> **Problem requirements**
Every line in the data below from the one containing "Mountain View Getaway - The Key" down to the one containing "Ngày đầu hết", both included, must be retyped exactly; no other line is to appear.

> **Data to use**
■ ■ ■

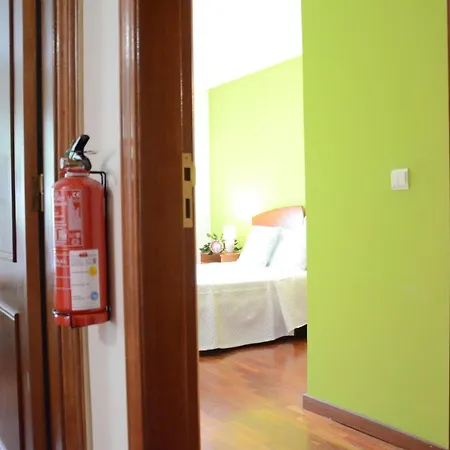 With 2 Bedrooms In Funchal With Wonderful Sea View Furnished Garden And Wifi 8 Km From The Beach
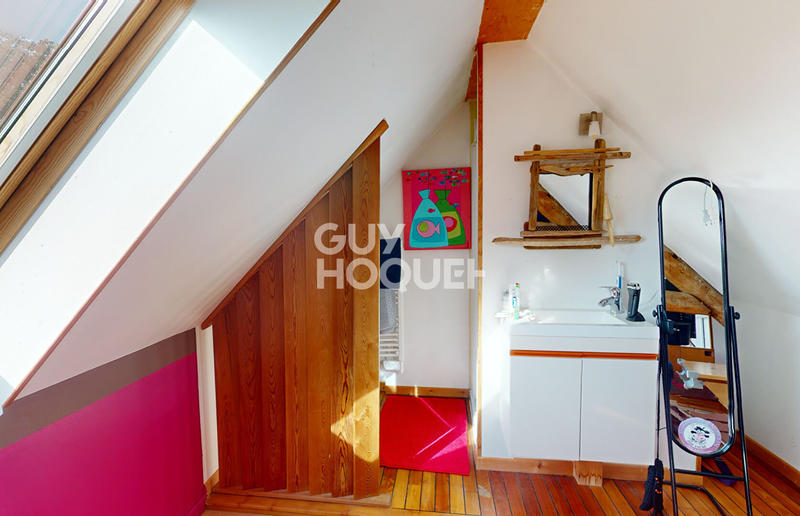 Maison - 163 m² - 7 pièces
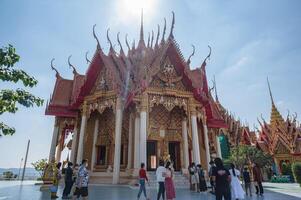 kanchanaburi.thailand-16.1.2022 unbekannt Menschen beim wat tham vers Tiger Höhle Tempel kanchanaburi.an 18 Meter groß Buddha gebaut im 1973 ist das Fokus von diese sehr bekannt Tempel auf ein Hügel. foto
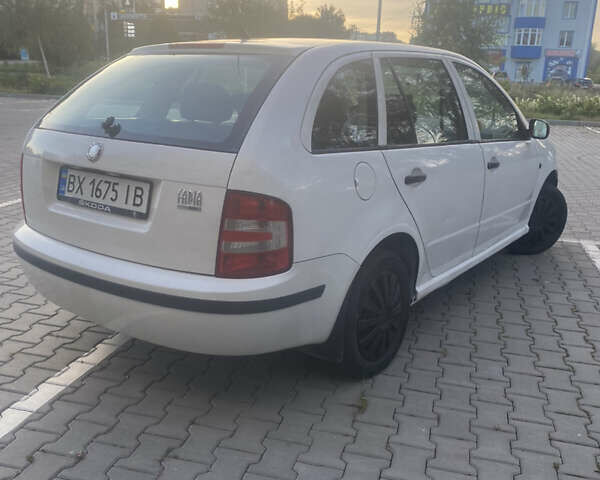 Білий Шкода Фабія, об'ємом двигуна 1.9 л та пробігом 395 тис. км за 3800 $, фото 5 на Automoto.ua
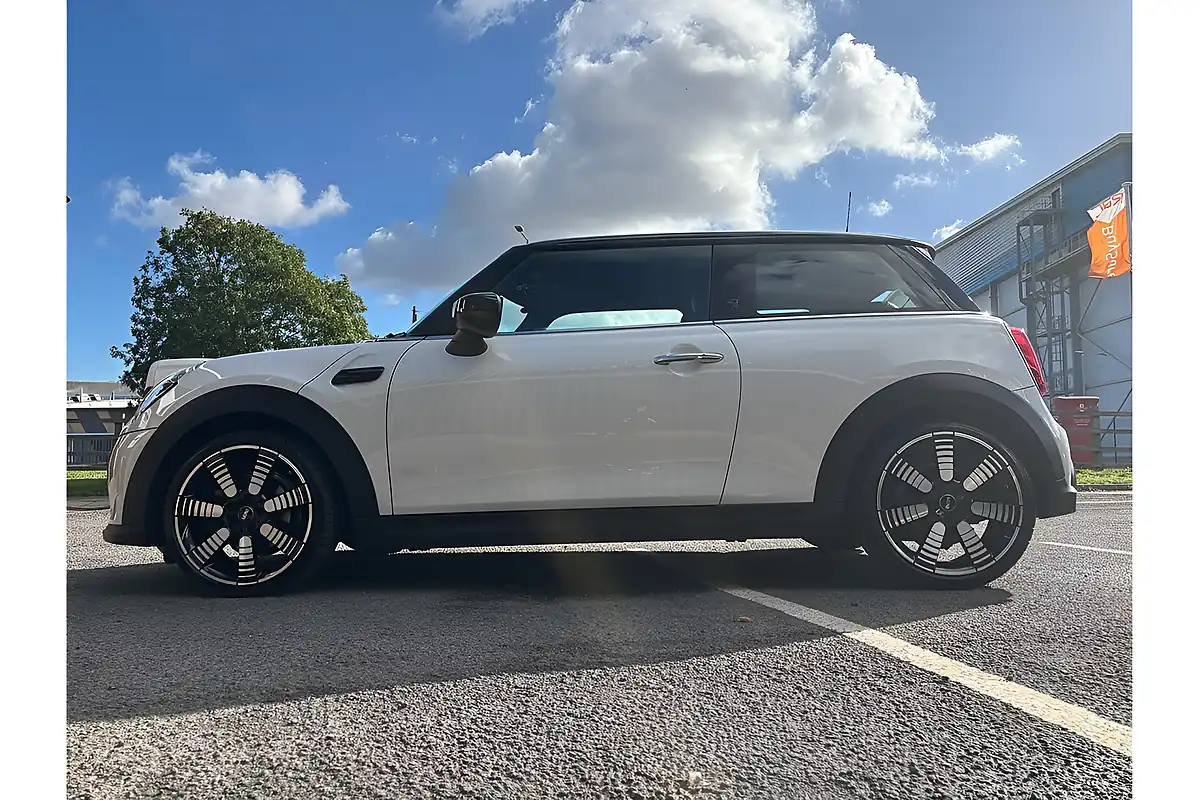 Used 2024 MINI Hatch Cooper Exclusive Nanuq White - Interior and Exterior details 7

■ ■ ■

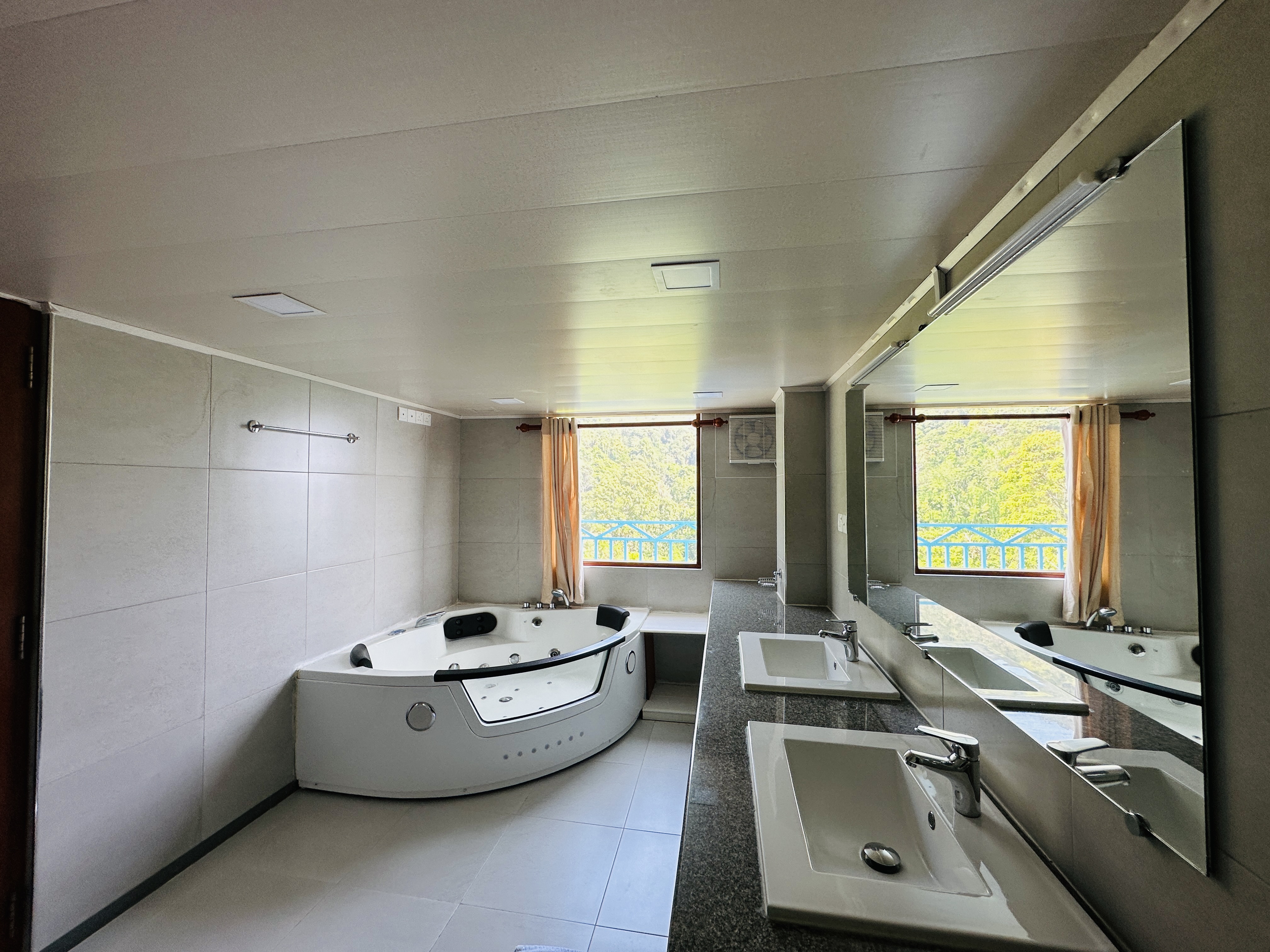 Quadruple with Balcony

■ ■ ■

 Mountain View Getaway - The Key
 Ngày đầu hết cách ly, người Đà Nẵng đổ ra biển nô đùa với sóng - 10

■ ■ ■

> **Final answer**
 Mountain View Getaway - The Key
 Ngày đầu hết cách ly, người Đà Nẵng đổ ra biển nô đùa với sóng - 10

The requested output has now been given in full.